* _PROMPT_:
Repeat the lines below exactly as written, please, from the line with "Calista Sofa" to the line with "proloco villa lagarina — 0065__SNY0517", both lines included, and no others.

Dataset records
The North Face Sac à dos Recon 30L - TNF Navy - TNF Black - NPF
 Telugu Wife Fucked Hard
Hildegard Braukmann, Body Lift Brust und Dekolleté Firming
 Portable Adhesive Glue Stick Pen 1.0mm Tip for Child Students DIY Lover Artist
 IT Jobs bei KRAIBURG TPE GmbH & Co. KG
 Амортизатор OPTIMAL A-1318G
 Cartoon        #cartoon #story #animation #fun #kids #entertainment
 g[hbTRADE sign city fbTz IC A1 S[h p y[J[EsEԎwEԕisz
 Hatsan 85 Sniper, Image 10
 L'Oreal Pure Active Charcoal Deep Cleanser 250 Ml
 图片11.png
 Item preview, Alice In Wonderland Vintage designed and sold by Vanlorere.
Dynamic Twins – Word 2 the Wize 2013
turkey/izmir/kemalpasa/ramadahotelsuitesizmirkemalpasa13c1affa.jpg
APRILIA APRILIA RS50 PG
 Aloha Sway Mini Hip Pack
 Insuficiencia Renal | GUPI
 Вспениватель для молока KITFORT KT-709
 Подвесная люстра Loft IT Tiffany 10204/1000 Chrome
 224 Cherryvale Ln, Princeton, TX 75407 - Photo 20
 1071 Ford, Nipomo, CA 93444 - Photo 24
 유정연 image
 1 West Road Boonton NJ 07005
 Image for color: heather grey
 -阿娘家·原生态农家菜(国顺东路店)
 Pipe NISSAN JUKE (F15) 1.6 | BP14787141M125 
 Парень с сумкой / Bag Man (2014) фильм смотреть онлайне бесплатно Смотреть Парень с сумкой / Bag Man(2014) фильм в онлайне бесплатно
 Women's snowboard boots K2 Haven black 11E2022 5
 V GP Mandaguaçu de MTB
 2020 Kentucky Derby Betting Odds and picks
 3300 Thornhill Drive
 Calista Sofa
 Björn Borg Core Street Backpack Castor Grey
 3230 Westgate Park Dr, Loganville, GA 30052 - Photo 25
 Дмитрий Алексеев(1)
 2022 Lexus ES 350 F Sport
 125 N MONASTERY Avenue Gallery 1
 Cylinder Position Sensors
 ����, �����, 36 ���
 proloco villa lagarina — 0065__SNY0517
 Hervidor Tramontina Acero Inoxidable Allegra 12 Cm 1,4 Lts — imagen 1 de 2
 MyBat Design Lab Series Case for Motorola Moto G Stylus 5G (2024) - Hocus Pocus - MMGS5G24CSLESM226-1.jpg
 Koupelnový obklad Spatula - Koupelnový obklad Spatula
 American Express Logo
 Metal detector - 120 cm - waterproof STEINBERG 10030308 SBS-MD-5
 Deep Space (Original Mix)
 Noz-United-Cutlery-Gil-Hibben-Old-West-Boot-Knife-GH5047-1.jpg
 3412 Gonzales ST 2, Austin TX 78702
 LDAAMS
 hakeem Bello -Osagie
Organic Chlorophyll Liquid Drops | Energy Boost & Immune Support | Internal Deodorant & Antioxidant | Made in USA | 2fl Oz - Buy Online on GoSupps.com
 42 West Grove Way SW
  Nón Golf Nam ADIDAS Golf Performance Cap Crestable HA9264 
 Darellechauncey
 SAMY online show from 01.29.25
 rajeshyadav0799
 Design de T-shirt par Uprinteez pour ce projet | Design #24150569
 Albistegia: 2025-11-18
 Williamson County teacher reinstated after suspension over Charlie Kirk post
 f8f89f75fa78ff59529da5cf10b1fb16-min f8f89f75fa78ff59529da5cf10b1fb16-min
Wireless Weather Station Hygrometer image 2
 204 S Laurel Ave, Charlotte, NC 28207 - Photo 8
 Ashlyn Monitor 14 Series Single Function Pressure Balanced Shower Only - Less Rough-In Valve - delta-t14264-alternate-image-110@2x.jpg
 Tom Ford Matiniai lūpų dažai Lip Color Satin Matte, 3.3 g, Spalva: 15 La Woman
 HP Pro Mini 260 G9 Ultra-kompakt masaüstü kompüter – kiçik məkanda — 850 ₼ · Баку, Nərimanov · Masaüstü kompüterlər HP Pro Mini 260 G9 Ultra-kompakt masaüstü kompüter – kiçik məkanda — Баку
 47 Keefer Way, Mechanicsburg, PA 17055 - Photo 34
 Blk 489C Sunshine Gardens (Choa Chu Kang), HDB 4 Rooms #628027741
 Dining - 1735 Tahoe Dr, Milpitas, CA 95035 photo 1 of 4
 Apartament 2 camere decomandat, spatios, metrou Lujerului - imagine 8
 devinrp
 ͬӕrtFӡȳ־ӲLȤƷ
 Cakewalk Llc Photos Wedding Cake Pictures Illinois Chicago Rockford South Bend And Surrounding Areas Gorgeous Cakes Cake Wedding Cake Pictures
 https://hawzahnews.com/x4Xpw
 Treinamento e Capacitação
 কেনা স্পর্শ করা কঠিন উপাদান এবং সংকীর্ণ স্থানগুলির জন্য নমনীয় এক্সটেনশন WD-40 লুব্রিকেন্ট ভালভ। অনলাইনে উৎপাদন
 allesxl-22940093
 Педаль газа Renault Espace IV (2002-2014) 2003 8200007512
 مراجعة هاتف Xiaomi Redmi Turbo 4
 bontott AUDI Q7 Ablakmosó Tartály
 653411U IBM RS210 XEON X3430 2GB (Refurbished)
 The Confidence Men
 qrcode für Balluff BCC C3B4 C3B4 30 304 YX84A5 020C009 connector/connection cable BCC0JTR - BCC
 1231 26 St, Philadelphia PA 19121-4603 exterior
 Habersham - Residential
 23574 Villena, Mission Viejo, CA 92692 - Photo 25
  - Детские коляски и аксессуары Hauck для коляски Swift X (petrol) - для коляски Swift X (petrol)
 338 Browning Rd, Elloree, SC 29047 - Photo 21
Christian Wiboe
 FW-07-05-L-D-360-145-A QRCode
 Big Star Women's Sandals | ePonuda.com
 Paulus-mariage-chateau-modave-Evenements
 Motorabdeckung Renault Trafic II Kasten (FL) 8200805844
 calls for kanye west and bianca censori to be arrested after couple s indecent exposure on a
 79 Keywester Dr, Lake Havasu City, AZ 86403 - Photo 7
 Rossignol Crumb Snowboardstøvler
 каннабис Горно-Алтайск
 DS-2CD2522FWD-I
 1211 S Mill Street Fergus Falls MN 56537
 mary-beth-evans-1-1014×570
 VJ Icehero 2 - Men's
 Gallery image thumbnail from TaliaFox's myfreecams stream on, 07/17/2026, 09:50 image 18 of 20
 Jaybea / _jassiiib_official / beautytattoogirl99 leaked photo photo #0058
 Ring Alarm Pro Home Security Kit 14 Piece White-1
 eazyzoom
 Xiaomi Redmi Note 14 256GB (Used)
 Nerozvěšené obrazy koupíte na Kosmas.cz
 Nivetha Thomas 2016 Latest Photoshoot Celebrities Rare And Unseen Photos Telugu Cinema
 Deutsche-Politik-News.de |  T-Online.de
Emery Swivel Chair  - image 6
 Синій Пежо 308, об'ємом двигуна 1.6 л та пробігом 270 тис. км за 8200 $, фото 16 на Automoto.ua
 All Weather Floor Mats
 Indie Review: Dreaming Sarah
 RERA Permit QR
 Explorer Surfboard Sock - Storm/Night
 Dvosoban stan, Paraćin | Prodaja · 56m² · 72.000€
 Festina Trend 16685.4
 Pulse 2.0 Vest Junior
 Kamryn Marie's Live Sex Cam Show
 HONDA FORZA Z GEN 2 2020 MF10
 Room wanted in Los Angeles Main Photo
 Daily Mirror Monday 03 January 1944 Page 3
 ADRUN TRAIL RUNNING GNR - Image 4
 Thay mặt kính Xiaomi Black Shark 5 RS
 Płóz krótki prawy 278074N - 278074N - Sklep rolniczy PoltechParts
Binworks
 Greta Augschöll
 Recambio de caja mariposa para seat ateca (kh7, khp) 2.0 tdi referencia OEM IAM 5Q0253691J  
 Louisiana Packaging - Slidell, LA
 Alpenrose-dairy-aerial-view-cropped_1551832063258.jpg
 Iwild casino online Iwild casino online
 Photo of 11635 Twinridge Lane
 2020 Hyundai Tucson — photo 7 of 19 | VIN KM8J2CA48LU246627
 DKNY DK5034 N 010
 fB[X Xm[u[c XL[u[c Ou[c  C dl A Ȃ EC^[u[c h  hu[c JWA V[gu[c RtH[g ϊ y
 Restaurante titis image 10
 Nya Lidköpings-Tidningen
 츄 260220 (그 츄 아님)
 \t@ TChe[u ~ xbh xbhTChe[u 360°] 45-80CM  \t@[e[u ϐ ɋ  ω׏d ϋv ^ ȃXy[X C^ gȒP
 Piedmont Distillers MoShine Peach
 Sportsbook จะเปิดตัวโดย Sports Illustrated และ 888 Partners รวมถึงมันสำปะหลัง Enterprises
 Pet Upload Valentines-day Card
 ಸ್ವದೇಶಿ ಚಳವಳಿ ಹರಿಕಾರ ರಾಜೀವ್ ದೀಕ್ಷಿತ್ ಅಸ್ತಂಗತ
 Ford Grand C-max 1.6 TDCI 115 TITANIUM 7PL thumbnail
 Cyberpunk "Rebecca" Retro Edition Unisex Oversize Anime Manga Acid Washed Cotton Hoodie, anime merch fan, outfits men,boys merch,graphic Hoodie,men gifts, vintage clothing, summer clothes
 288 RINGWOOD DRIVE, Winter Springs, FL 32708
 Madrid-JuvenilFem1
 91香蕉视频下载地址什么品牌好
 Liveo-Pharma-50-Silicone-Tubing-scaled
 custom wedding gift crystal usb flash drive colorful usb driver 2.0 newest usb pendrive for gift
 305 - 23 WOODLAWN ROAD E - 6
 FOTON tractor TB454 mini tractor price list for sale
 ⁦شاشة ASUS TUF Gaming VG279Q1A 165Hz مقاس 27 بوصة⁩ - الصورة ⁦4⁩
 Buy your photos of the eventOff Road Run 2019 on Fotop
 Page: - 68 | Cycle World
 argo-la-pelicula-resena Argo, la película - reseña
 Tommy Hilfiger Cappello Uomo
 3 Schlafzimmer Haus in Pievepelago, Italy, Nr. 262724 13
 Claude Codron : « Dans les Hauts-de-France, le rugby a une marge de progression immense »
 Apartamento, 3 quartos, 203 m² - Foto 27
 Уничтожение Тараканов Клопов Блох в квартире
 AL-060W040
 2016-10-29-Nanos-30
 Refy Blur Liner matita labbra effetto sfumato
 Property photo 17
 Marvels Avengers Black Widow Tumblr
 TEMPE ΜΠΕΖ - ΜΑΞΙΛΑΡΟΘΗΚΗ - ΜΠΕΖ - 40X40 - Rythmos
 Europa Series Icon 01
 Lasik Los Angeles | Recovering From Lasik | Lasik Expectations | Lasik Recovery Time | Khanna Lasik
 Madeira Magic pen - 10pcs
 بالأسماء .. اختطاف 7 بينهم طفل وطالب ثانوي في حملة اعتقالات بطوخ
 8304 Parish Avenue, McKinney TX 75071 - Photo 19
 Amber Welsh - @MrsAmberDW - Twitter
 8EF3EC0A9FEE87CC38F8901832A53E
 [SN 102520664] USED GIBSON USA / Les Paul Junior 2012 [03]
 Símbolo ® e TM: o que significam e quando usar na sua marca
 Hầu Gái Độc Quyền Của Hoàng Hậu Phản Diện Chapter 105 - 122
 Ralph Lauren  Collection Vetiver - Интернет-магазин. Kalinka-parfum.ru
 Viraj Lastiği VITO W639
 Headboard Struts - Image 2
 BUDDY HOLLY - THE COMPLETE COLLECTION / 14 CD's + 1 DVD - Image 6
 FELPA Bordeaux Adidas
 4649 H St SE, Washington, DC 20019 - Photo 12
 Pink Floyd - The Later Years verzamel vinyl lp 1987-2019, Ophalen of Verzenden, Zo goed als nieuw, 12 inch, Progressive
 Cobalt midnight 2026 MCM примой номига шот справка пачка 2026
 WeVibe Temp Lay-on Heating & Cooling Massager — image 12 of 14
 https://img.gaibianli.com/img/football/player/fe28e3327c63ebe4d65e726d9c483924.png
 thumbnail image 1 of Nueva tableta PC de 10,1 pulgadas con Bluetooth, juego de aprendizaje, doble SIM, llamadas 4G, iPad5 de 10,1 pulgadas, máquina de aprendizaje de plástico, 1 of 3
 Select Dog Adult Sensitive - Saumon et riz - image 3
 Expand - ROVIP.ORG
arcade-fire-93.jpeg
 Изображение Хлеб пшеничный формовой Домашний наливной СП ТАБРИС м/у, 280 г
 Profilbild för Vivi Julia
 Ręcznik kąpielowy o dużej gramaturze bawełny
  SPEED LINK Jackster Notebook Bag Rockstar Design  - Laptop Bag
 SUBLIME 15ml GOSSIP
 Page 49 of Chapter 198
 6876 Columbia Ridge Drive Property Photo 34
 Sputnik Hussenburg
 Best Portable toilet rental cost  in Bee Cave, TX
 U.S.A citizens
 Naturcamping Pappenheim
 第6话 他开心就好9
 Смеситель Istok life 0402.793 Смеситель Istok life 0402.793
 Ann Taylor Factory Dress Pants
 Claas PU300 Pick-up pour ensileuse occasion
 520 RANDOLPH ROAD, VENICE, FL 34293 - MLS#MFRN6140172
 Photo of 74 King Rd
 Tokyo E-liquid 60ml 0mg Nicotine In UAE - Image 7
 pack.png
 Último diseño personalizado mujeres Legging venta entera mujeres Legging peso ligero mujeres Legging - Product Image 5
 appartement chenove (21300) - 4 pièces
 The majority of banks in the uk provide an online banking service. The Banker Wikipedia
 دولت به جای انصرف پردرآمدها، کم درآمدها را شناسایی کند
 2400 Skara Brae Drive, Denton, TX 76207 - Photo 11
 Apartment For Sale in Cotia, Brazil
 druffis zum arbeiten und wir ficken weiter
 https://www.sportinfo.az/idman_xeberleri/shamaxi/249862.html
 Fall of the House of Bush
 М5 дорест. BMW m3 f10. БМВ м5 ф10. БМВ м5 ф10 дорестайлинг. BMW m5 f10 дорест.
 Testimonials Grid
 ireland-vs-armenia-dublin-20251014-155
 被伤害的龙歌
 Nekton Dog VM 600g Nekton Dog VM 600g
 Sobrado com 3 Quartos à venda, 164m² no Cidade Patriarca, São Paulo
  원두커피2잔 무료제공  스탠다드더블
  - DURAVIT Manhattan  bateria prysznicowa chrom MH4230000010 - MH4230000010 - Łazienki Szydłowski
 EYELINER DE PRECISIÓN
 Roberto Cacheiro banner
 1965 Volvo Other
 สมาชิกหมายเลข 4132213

* _RESPONSE AREA_:
 Calista Sofa
 Björn Borg Core Street Backpack Castor Grey
 3230 Westgate Park Dr, Loganville, GA 30052 - Photo 25
 Дмитрий Алексеев(1)
 2022 Lexus ES 350 F Sport
 125 N MONASTERY Avenue Gallery 1
 Cylinder Position Sensors
 ����, �����, 36 ���
 proloco villa lagarina — 0065__SNY0517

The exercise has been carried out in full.